Analysis: Pervasive Computing--IBM's Strategy to Extend E-business
With any dynamic process, the target keeps moving and changing. Not resting on its laurels, IBM is aggressively building the enabling technologies and services to help customers extend E-business beyond the PC to the emerging class of "intelligent devices." Looking ahead to tomorrow's challenges, IBM and its competitors see new opportunities in pervasive computing.
This complex technology relies on open standards such as Java and XML as the lingua franca to create applications capable of running across the Internet on a variety of disparate platforms that might include cell phones, PDAs and even everyday appliances. While not impossible, pervasive computing requires new technology such as software that can translate Web data written for a PC into a format that can be used in other devices, and sophisticated systems and services that will help enterprises and carriers deliver and manage the billions (yes, billions!) of transactions that will be generated by a TRILLION devices.
Wouldn't it be ironic if, for example, Schwab online brokers had the ability to execute trade transactions for anyone in the world, in any country, at any time - yet was limited only to those customers with Internet-enabled PCs? That limitation may be removed very soon, as IBM is proving it can be done by partnering with Fraser Securities, SingTel Mobile and the IT division of the Singapore Stock Exchange to pilot the world's first fully automated stock trading system for mobile phones.
Some critics say this all seems right out of the "Jetsons" - having e-commerce penetrate other gadgets in our everyday life, i.e. our phones, televisions, cars and household appliances. I don't have nearly enough room in this column to address that Pandora's Box. But I do know that as technology proliferates, there will be a growing need to access e-commerce beyond the traditional PC.
Even more than just opening these many new doors, IBM is seeking to guide the customer through them seamlessly, to make these new "smart devices" work invisibly. Simply put, networked devices will be embedded with computer chips that are connected to an intelligent network that incorporates the Internet.
Here are a few glances at our rapidly approaching future, according to IBM's Pervasive Computing Division, formed just one year ago.
IBM, Nokia and The SABRE Group are developing a real-time, interactive service that allows travelers to use their cell phones to make flight changes and receive airline updates. The cell phone will alert them if a flight has been delayed or canceled and let them remotely generate a transaction that books them on another flight.

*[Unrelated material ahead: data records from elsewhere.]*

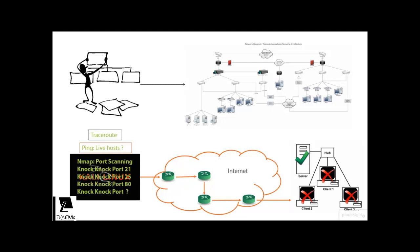And finally, using Nmap, we will perform multiple port scanning techniques against our target.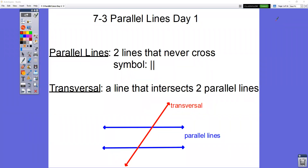This is the lesson for 7-3 parallel lines day one. Parallel lines are two lines that never cross. They're the two blue lines at the bottom of the screen. They sort of look like train tracks and they go in the same exact direction. The symbol is two straight up and down lines, which are actually parallel lines.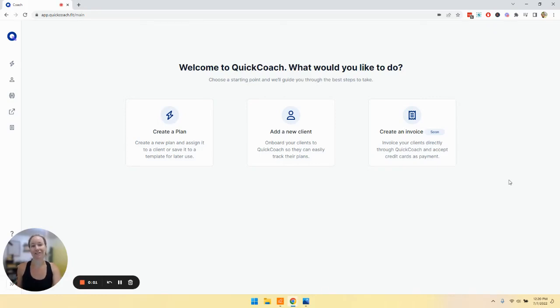Congratulations! You've created your free QuickCoach account. Now let's take a look at your homepage.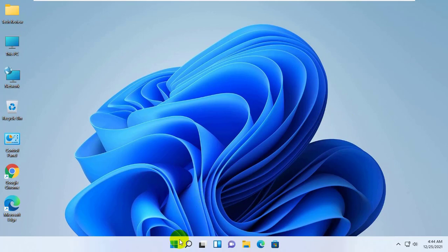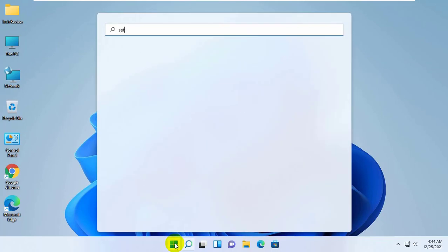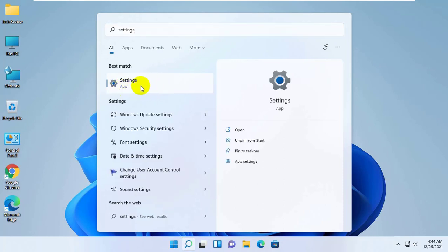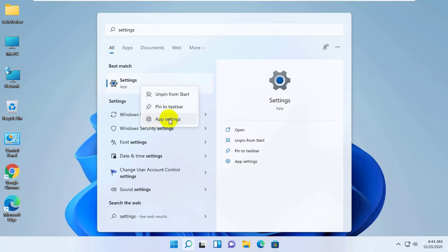To do this, click on the start menu, type settings. After the settings appears, right click on it. Click on app settings.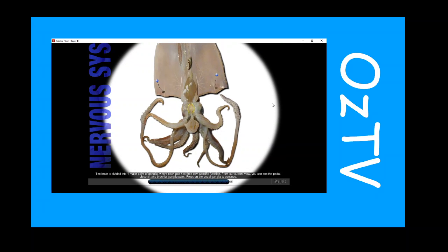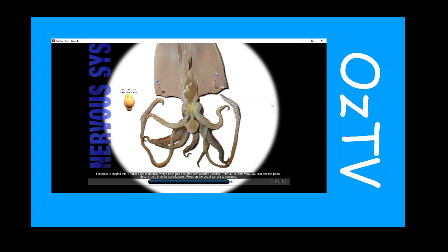The brain is divided into four major pairs of ganglia, where each pair has their own specific function. From our current view, you can see the pedal, visceral, and brachial ganglia pairs. Press on the pedal ganglia to continue.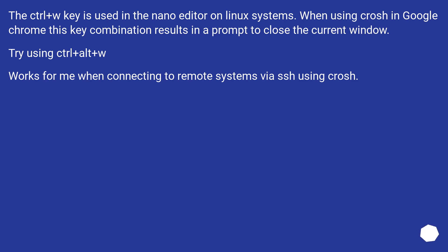The Control Plus W key is used in the nano editor on Linux systems. When using CROSH in Google Chrome this key combination results in a prompt to close the current window. Try using Control Plus Alt Plus W. Works for me when connecting to remote systems via SSH using CROSH.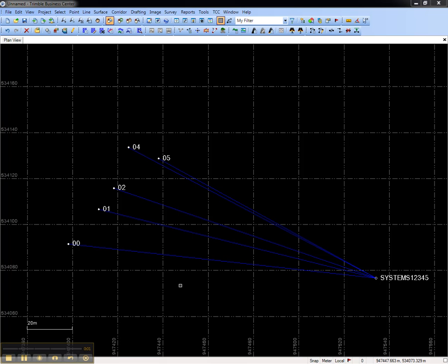This video shows how to create a custom export format in Trimble Business Center. Creating a custom export format will allow you to export points with the fields that you require.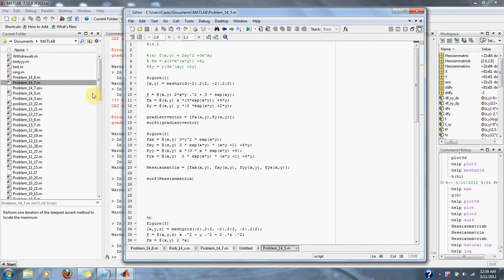Numerical methods problem 14.5: find the gradient vector and the Hessian matrix for each of the following functions. For part A, f(x,y) is equal to 2xy² plus 3e to the xy.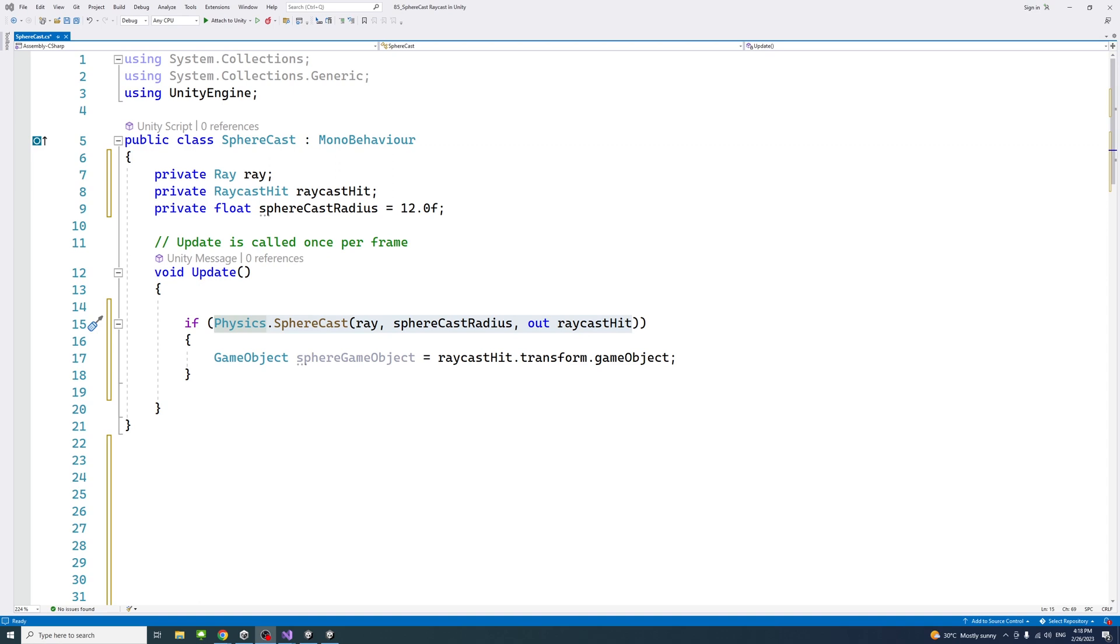Physics.SphereCast method casts a sphere along a ray and returns what was hit. It is like a thick raycast, which is useful when you want to figure out if an object of a certain size, such as a character for example, is able to move somewhere without colliding with something on the way.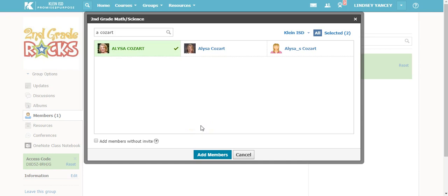If you want to bypass sending them an invite and automatically add them to the group, you can select the add members without invite box. And then you can select add members.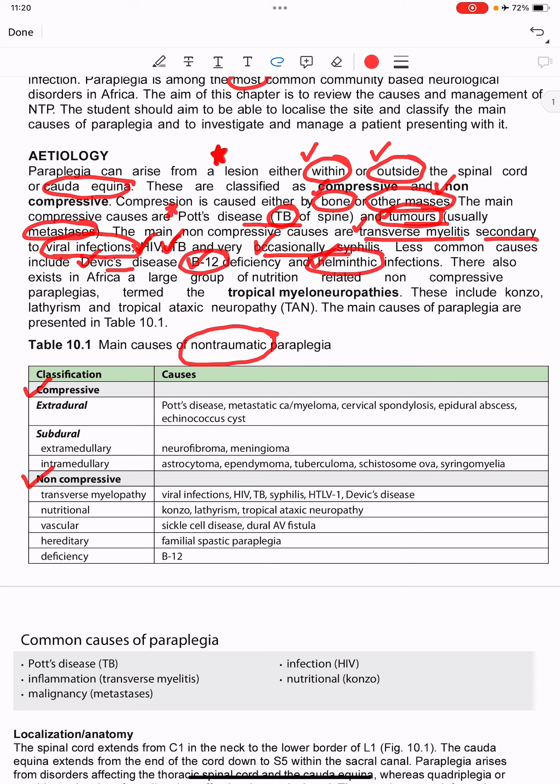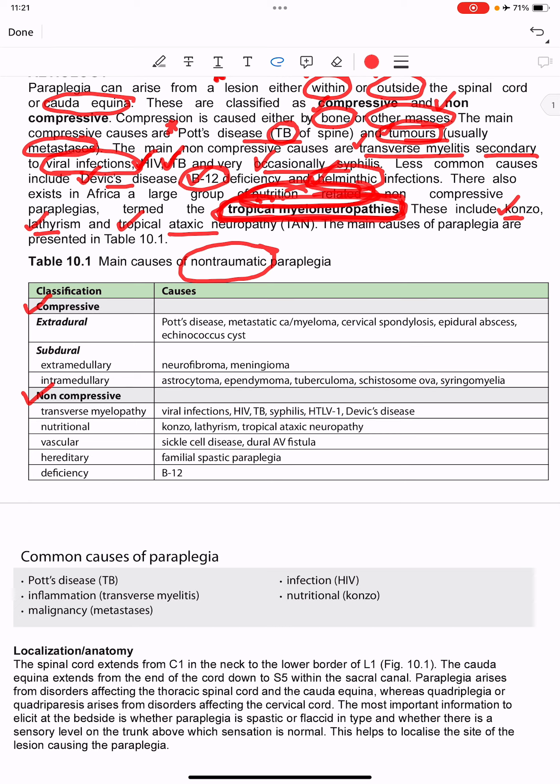Less common causes include Devic's disease, B12 deficiency, and helminthic infections. In Africa there also exists a large group of nutrition-related non-compressive paraplegias called tropical myeloneuropathies, which include conzo, lathyrism, and tropical ataxic neuropathy.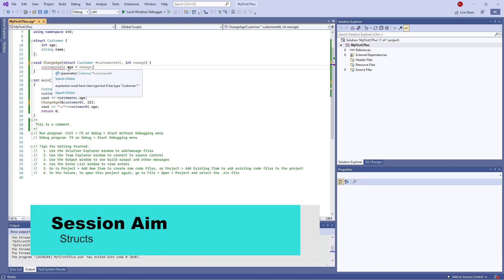Hi everyone and welcome back to our C++ Primer for Beginners course. In the last episode we looked at pointers and functions working together. In this episode we're going to look at creating structs — how to declare them and how to use them in combination with pointers and functions to create clean, flexible code.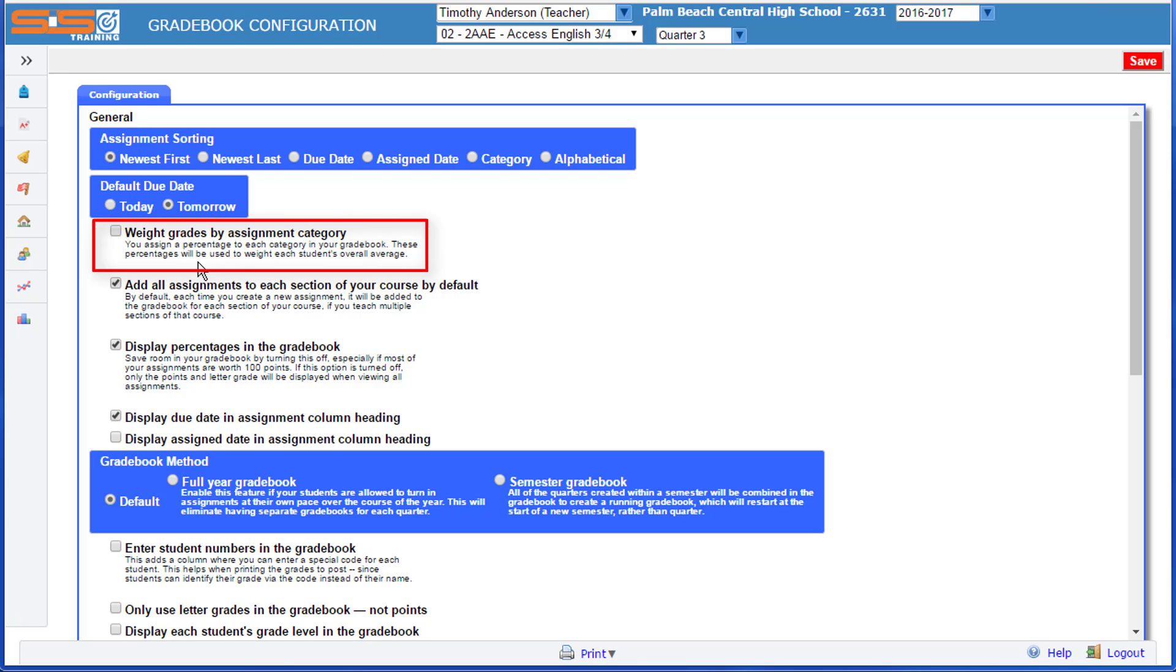The critical decision is whether or not you're going to weight your grades by assignment category. There are a number of different ways that you can determine how your assignments will affect the final grade for your students.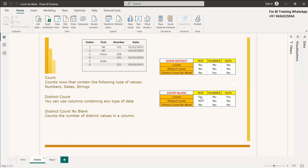When you use the count function for text data type, the blank values will also be counted. That means for text data type, count will count all rows including blanks — so it gives six. For the date data type also it will give six. But for numbers, it won't count the blank rows — it will show only four. If you want distinct values, you have to use distinct count no blank, which will show only three values.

IBM is working with top auto manufacturers to create in-vehicle information solutions for drivers. Newly "networked vehicles" will have a dashboard signal that tells us we've taken a wrong turn, while a precision dashboard guide shows us how to get back on track.
An Open Service Gateway, an IBM-led initiative, is the industry's first effort to create a standard for developing new applications for the networked home that will allow people to operate appliances, fixtures, computers and energy controls through one single device.
There are more examples, but Big Blue has a strategic plan and is following it. They're partnering with device manufacturers of all kinds, selling them enabling hardware such as chips and tiny hard drives and software such as embedded speech and programming tools. And they're partnering with enterprises and carriers to build new software that will enhance the existing infrastructure to accommodate and manage new heterogeneous platforms.
Mark Bregman, general manager of IBM's Pervasive Computing division, says, "We're on the cusp of the post-PC era." Lou Gerstner, too, alluded to that new world when he addressed Wall Street earlier this year. Studies done by International Data Corp. (Framingham, Mass.; IDC) support their claim. IDC forecasts that by 2002, more than 50 percent of devices connected to the Internet will not be PCs. While PCs most certainly won't be replaced, clearly opportunities lie beyond.
We're in uncharted territory, but the best and the brightest are blazing through, (including IBM competitors Microsoft, Sun and HP.) Someday soon, accessing the Internet will be as easy as touching a button, and will never be farther away then our homes, our cars, or even the pockets of our pants. One day soon you might be able to swipe the UPC barcode of your milk carton across your refrigerator, and new milk will be on its way! Frigidaire just unveiled its online refrigerator with a built-in scanner, creating a home-shopping terminal. George Jetson, leave a light on for us.
Once again IBM's vision and "out-of-the box" thinking bodes well for the future. However, the question, "If IBM and the industry build this 'field of dreams,' will they (all of us!) come?" still remains to be answered. Welcome to 2000 and beyond!